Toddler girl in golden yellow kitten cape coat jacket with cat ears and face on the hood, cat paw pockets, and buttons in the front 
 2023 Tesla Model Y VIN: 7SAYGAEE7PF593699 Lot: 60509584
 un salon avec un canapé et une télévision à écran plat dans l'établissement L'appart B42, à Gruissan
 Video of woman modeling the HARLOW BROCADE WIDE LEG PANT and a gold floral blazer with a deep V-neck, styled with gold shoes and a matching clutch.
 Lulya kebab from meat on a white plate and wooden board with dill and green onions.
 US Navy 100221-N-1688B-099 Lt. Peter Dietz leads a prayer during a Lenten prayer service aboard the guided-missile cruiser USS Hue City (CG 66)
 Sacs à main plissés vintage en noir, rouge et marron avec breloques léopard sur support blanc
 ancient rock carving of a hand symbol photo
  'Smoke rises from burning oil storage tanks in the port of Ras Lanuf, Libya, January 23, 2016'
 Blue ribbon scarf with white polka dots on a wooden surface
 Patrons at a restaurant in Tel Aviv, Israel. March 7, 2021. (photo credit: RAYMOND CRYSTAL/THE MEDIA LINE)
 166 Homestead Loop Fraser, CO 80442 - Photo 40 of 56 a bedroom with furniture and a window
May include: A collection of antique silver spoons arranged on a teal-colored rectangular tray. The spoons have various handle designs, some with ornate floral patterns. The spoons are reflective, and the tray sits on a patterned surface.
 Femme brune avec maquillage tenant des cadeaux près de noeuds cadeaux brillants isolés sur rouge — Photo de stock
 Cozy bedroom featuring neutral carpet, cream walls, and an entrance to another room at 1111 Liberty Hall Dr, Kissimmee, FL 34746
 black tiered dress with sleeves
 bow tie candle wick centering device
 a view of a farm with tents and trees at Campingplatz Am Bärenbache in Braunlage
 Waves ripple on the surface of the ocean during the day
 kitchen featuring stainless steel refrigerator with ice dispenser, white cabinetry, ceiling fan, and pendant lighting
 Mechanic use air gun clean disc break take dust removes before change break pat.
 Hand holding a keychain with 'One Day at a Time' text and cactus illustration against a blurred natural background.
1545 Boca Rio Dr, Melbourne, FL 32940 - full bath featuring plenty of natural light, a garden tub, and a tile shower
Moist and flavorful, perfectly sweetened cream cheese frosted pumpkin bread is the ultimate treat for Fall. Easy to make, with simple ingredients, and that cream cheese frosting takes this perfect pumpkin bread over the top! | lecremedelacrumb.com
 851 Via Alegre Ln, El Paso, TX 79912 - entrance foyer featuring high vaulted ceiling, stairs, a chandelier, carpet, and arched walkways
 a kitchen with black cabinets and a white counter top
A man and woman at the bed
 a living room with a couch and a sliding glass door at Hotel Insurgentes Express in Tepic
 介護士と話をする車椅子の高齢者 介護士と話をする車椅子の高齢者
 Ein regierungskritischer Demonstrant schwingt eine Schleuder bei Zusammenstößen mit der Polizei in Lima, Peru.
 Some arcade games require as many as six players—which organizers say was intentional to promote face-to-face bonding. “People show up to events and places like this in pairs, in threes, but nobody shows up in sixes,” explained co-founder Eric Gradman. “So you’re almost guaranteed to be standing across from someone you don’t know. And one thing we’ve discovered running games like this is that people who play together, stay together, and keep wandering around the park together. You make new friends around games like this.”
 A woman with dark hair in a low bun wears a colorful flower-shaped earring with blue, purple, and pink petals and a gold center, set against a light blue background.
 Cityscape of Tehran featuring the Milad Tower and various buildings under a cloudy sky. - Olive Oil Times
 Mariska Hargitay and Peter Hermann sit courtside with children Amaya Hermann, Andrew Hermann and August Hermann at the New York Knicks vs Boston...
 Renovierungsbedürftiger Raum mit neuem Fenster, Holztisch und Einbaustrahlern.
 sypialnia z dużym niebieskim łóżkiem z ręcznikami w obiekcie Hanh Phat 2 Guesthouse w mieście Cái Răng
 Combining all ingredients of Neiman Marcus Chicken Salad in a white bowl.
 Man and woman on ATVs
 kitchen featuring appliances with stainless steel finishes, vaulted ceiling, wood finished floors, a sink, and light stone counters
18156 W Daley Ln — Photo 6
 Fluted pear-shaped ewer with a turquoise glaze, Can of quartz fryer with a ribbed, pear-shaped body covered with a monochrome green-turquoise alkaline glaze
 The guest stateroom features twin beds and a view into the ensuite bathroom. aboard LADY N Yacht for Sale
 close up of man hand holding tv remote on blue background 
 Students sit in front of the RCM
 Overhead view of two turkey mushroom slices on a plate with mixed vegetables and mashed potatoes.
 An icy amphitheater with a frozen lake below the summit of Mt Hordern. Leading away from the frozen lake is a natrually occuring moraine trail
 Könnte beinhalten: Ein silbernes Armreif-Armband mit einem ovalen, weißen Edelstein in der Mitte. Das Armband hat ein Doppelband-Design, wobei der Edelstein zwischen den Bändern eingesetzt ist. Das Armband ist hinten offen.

※ ※ ※

Output each entry once again, exactly as shown above.

→ **REPLY**:
Toddler girl in golden yellow kitten cape coat jacket with cat ears and face on the hood, cat paw pockets, and buttons in the front 
 2023 Tesla Model Y VIN: 7SAYGAEE7PF593699 Lot: 60509584
 un salon avec un canapé et une télévision à écran plat dans l'établissement L'appart B42, à Gruissan
 Video of woman modeling the HARLOW BROCADE WIDE LEG PANT and a gold floral blazer with a deep V-neck, styled with gold shoes and a matching clutch.
 Lulya kebab from meat on a white plate and wooden board with dill and green onions.
 US Navy 100221-N-1688B-099 Lt. Peter Dietz leads a prayer during a Lenten prayer service aboard the guided-missile cruiser USS Hue City (CG 66)
 Sacs à main plissés vintage en noir, rouge et marron avec breloques léopard sur support blanc
 ancient rock carving of a hand symbol photo
  'Smoke rises from burning oil storage tanks in the port of Ras Lanuf, Libya, January 23, 2016'
 Blue ribbon scarf with white polka dots on a wooden surface
 Patrons at a restaurant in Tel Aviv, Israel. March 7, 2021. (photo credit: RAYMOND CRYSTAL/THE MEDIA LINE)
 166 Homestead Loop Fraser, CO 80442 - Photo 40 of 56 a bedroom with furniture and a window
May include: A collection of antique silver spoons arranged on a teal-colored rectangular tray. The spoons have various handle designs, some with ornate floral patterns. The spoons are reflective, and the tray sits on a patterned surface.
 Femme brune avec maquillage tenant des cadeaux près de noeuds cadeaux brillants isolés sur rouge — Photo de stock
 Cozy bedroom featuring neutral carpet, cream walls, and an entrance to another room at 1111 Liberty Hall Dr, Kissimmee, FL 34746
 black tiered dress with sleeves
 bow tie candle wick centering device
 a view of a farm with tents and trees at Campingplatz Am Bärenbache in Braunlage
 Waves ripple on the surface of the ocean during the day
 kitchen featuring stainless steel refrigerator with ice dispenser, white cabinetry, ceiling fan, and pendant lighting
 Mechanic use air gun clean disc break take dust removes before change break pat.
 Hand holding a keychain with 'One Day at a Time' text and cactus illustration against a blurred natural background.
1545 Boca Rio Dr, Melbourne, FL 32940 - full bath featuring plenty of natural light, a garden tub, and a tile shower
Moist and flavorful, perfectly sweetened cream cheese frosted pumpkin bread is the ultimate treat for Fall. Easy to make, with simple ingredients, and that cream cheese frosting takes this perfect pumpkin bread over the top! | lecremedelacrumb.com
 851 Via Alegre Ln, El Paso, TX 79912 - entrance foyer featuring high vaulted ceiling, stairs, a chandelier, carpet, and arched walkways
 a kitchen with black cabinets and a white counter top
A man and woman at the bed
 a living room with a couch and a sliding glass door at Hotel Insurgentes Express in Tepic
 介護士と話をする車椅子の高齢者 介護士と話をする車椅子の高齢者
 Ein regierungskritischer Demonstrant schwingt eine Schleuder bei Zusammenstößen mit der Polizei in Lima, Peru.
 Some arcade games require as many as six players—which organizers say was intentional to promote face-to-face bonding. “People show up to events and places like this in pairs, in threes, but nobody shows up in sixes,” explained co-founder Eric Gradman. “So you’re almost guaranteed to be standing across from someone you don’t know. And one thing we’ve discovered running games like this is that people who play together, stay together, and keep wandering around the park together. You make new friends around games like this.”
 A woman with dark hair in a low bun wears a colorful flower-shaped earring with blue, purple, and pink petals and a gold center, set against a light blue background.
 Cityscape of Tehran featuring the Milad Tower and various buildings under a cloudy sky. - Olive Oil Times
 Mariska Hargitay and Peter Hermann sit courtside with children Amaya Hermann, Andrew Hermann and August Hermann at the New York Knicks vs Boston...
 Renovierungsbedürftiger Raum mit neuem Fenster, Holztisch und Einbaustrahlern.
 sypialnia z dużym niebieskim łóżkiem z ręcznikami w obiekcie Hanh Phat 2 Guesthouse w mieście Cái Răng
 Combining all ingredients of Neiman Marcus Chicken Salad in a white bowl.
 Man and woman on ATVs
 kitchen featuring appliances with stainless steel finishes, vaulted ceiling, wood finished floors, a sink, and light stone counters
18156 W Daley Ln — Photo 6
 Fluted pear-shaped ewer with a turquoise glaze, Can of quartz fryer with a ribbed, pear-shaped body covered with a monochrome green-turquoise alkaline glaze
 The guest stateroom features twin beds and a view into the ensuite bathroom. aboard LADY N Yacht for Sale
 close up of man hand holding tv remote on blue background 
 Students sit in front of the RCM
 Overhead view of two turkey mushroom slices on a plate with mixed vegetables and mashed potatoes.
 An icy amphitheater with a frozen lake below the summit of Mt Hordern. Leading away from the frozen lake is a natrually occuring moraine trail
 Könnte beinhalten: Ein silbernes Armreif-Armband mit einem ovalen, weißen Edelstein in der Mitte. Das Armband hat ein Doppelband-Design, wobei der Edelstein zwischen den Bändern eingesetzt ist. Das Armband ist hinten offen.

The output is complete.